The dishes served at Guest City are what Chen feels are right for the moment. As the food arrives, he does a round of the tables in the rustic cotton pajama outfit of a farmer, sans footwear. He is more than happy to go into considerable detail about the food, as many of the materials and condiments are either homegrown, or at least prepared using local ingredients.
The style of the food is modern Taiwanese, and the presentation is designer rustic. All the crockery and some of the utensils are the handmade creations of the proprietor, including both rough terra-cotta ware and some found art (one of the serving platters used was a commercially produced tile that had been slightly embellished). There is much to admire in the presentation. The food was mostly good to excellent over the 10 courses, with a few minor blips, but there was always something to keep it interesting.
Photo: Ian Bartholomew, Taipei Times
Chen preaches a return to old-style culinary values. He makes a wide range of vinegars that are used to dress some of the dishes, produces his own sun-dried radish (untouched by any chemicals) and even makes his own sausages and cured meats. The portions are small, focusing attention on the individual ingredients.
A tiny bowl of crisp, raw pumpkin marinated in homemade vinegar had remarkably vibrant flavors. A small mound of seasonal vegetables, blanched and lightly dressed, was extremely delicate. A lightly stewed bowl of three types of mushroom forced one to contemplate the relationship between texture and flavor.
A small dish of asparagus tips was spoilt by a squeeze of what was clearly commercially produced mayonnaise. The vegetable itself was soft with a slight crispness, but the provenience of the mayo spoiled the purity of the overall presentation. This was just a tiny misstep — a thoughtless following of a popular Taiwanese culinary practice.

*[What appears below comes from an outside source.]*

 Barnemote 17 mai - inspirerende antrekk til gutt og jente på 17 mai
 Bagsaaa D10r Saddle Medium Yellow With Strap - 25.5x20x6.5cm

Photo: Ian Bartholomew, Taipei Times
A selection of cold meats, served on a taro leaf, was interesting. The quality of the meat was good and a side of lightly pickled cucumber set it off nicely. A very fine steamed egg and a dark soup of pork and dried radish each showed considerable character. Most of the dishes are served in small bowls, and bulk is provided by steamed rice mixed with lard, another rustic staple that is coming back into fashion.
The care and commitment that has gone into the creation of the dining experience is very much apparent at Guest City, but for some, the food might be a trifle bland. Care and attention is needed to appreciate the refinement of the preparation, but sometimes the flavors are simply not big enough to make an impression. All of this can make the dining experience at Guest City ever so slightly anemic, especially for those who favor rich flavors and hearty portions. For the health conscious, or for those who want to taste the terroir of Yilan through its natural produce and its traditional culinary practices, Guest City will provide a most interesting experience.